# Normal running temp for a 225 TT?



## SpencerD (Oct 21, 2011)

Hi,

Just wondered what is considered to be the normal (as read by CC 49C) engine coolant running temp for a 225 TT?

By normal I mean, running in free air - i.e. motorway and then in normal traffic, I appreciate there is likely to be a difference between the two temps but what do you normally see?

Cheers


----------



## jamman (May 6, 2002)

80-92 ish (I think)


----------



## SpencerD (Oct 21, 2011)

Cheers

Lower than I expected but I will keep my eye on it


----------



## jamman (May 6, 2002)

What are you getting Spence if you are running high you cant pretty much bank on that your thermostat is acting up.

Think it's meant to work around 82


----------



## Hoggy (May 8, 2002)

Hi, If its got an 87 degree thermostat it will run higher & be normal. 
Stationary & in traffic without aircon on, will reach 100 ish until fans cut-in, if aircon on, temp increase will be less as fan will already be running. 
Hoggy.


----------



## AmpTThill (Sep 18, 2011)

What do you mean 87 degree thermostat hoggy? Are their different types?


----------



## Hoggy (May 8, 2002)

AmpTThill said:


> What do you mean 87 degree thermostat hoggy? Are their different types?


Hi, Yes, Before 2003 it was 87 & after 2003, 82 degrees, unless doing regular track days etc, with our "cool" UK climate I can't see why all Mk1 can't use an 87 degree thermostat..
Hoggy.


----------



## SpencerD (Oct 21, 2011)

Jamman,

Last week I was getting 78 - 83 degrees (CC 49C) during say a 60 - 65 mph motorway drive, with what I have to assume was an 82 degree thermostat which was partially open all of the time, this would cause the DIS temp display to flit between 75 and 90.

I had the cam belt etc... Inc new metal impeller water pump and a new thermostat, I spoke to Midland VW and they said they always use 87 degree thermostats irrespective (whether that is based on a deliberate choice or just unaware of the change to 82 degree after '03 I don't know?)

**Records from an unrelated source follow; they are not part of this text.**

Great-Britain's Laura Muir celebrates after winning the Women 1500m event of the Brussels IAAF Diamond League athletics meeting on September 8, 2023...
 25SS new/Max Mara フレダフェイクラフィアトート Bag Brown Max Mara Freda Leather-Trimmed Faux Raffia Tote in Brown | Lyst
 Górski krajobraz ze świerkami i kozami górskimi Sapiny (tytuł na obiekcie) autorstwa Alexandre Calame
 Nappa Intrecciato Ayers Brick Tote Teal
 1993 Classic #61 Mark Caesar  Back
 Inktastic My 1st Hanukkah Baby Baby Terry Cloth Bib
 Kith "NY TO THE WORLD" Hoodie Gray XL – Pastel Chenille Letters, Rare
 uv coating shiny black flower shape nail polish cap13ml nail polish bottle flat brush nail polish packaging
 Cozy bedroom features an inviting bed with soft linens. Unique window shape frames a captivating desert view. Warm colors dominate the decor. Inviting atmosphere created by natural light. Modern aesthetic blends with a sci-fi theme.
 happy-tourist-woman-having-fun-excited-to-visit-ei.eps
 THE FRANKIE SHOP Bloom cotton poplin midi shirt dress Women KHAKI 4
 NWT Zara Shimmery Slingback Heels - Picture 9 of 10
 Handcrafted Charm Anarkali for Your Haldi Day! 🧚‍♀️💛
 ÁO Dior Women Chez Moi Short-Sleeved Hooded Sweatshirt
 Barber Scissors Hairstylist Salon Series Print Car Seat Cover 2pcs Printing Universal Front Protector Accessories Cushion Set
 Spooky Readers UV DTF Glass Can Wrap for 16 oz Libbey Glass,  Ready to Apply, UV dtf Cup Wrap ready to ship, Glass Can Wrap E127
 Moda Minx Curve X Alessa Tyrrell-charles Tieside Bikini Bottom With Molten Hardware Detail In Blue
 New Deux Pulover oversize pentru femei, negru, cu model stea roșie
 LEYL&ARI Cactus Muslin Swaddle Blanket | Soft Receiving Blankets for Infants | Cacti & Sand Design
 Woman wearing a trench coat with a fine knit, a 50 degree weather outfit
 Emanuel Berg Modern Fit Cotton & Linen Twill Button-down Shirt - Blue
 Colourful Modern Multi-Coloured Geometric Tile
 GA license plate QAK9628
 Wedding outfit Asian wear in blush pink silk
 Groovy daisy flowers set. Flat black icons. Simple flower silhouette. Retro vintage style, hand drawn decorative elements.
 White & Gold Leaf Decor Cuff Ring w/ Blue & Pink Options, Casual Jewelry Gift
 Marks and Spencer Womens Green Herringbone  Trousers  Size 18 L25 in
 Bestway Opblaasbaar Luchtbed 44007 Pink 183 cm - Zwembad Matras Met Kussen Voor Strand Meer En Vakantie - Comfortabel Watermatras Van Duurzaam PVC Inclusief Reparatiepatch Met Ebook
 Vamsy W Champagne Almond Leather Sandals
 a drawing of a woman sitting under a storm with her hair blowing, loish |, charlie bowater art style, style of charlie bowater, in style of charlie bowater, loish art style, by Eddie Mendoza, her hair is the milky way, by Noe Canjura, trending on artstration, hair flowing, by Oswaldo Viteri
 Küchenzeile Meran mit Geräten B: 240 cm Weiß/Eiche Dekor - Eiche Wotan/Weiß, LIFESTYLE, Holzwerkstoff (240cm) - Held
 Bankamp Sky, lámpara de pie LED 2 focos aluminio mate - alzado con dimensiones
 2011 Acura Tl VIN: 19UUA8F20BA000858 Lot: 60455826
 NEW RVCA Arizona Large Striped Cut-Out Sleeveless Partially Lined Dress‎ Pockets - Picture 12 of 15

The car now runs at 95 - 98 degrees on the same motorway drive and I expected it to get above 100 in traffic based on this but so far I have seen no more than 98 degrees (CC 49C) I will see if this is still true when I have done a little more driving in traffic.

Strangely having done quite a few VCDS data logs now and watching the water temp live in VCDS it is always 1 - 2 degrees lower than the CC 49C temp, such that the plotted data logs suggest a running temp of 93 -96 degrees

Possibly the difference between the two thermistor outputs from the coolant temp sensor?

Cheers


----------



## horneteer (Oct 21, 2008)

I have experienced something similar. The temperature gauge on my remapped 180 started intermittently dropping below the 90 mark. In my case the temperature sender was faulty but I had both the temperature sender and thermostat replaced. The car now runs at 94 to 98 degrees. I also have a new metal impeller water pump.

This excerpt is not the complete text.